In Nepal’s political history, September 2025 will be known for a youthquake that deeply impacted the polity of the country. This Gen-Z movement can also be equated with the Nepali version of the French Revolution. In France, the monarchy was abolished; in Nepal, long-entrenched political parties were sidelined, at least for now.
The nation’s youth, armed with smartphones and a battle cry for accountability, declared war against political parties and their corrupt leaders rather than against the political system. But it did not stop there; finally, the political leaders had to go into hiding under the security of the Nepali Army. Their astounding achievement—compelling the government coalition to resign in 36 hours—was only the first volley in a larger revolution targeted at the fundamental pillars of a dysfunctional state: a corrupt judiciary, a bloated bureaucracy, unstable leaders, inequitable institutions, and “NepoKids.”
The trigger was a typical overreach by an out-of-touch authority. On September 4, the Ministry of Communication and Information Technology issued a decree banning unregistered social media platforms, sparking frustration. For Gen-Z, digital spaces are not luxuries but essential public squares, libraries, and organizational hubs. The government’s attempt to restrict them was the final straw. The accompanying “Gen-Z movement,” which culminated in the riots on September 8, was a rejection of the entire political elite rather than a single policy.
It was a visual filter applied to the nation’s governance, with anyone from the old guard simply clipped out of the frame. Gen-Z realized that the recurring coalition governments were only a symptom; the sickness was entrenched in institutions meant to protect and serve the public that had instead become emblems of failure. They were neither democratic nor did they serve the interests of broader society; in contrast, they had become a burden on the state.

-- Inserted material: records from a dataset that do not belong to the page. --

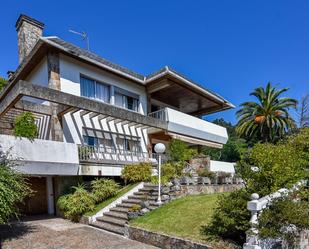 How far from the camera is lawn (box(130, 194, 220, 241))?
9913 mm

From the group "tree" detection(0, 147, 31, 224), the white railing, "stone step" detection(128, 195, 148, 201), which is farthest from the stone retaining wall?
"tree" detection(0, 147, 31, 224)

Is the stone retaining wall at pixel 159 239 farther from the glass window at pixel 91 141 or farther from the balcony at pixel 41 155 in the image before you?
the glass window at pixel 91 141

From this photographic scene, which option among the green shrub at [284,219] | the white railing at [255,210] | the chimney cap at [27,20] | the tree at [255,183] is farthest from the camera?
the chimney cap at [27,20]

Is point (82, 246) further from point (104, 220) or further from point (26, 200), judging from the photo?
point (26, 200)

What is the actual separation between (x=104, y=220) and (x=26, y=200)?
8166 millimetres

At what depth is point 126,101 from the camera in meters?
23.2

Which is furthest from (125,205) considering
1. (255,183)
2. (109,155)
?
(255,183)

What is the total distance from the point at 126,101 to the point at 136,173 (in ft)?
26.0

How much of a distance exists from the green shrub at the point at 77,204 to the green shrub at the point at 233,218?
853cm

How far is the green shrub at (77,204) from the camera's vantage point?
15070 millimetres

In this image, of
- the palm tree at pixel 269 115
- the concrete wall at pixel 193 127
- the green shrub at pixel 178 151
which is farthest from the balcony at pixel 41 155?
the palm tree at pixel 269 115

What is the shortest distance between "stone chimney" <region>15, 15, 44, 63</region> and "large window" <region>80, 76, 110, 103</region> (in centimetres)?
584

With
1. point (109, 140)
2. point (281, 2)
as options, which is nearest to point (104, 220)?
point (109, 140)

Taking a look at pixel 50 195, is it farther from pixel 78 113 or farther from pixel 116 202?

The judicial system and courts, once revered as the temple of justice, had become a public auction house. The Gen-Z movement exposed cases long buried, decisions favoring the powerful, and allegations of widespread judicial corruption. For a generation expecting a fair future, a corrupt court was not an outlier; it was the principal impediment to any type of genuine change, shielding the corrupt rather than condemning them. Moreover, political parties used the courts to serve their own interests. The appointment of judges in the court has been partisan to the extent that it failed to maintain the sanctity of the judiciary.
Singha Durbar, the central secretariat, lost its reputation as the administrative powerhouse and instead came to represent an overburdened, ineffective, and dishonest bureaucracy. It symbolized a maze where political favoritism took precedence over merit, public service was a myth, and files went to die unless greased with bribes. The campaign saw it as a stronghold that required democratization and transparency rather than as a mere government office. Likewise, the parliament has never really worked for the national interest. It was not truly involved in the policy-making process.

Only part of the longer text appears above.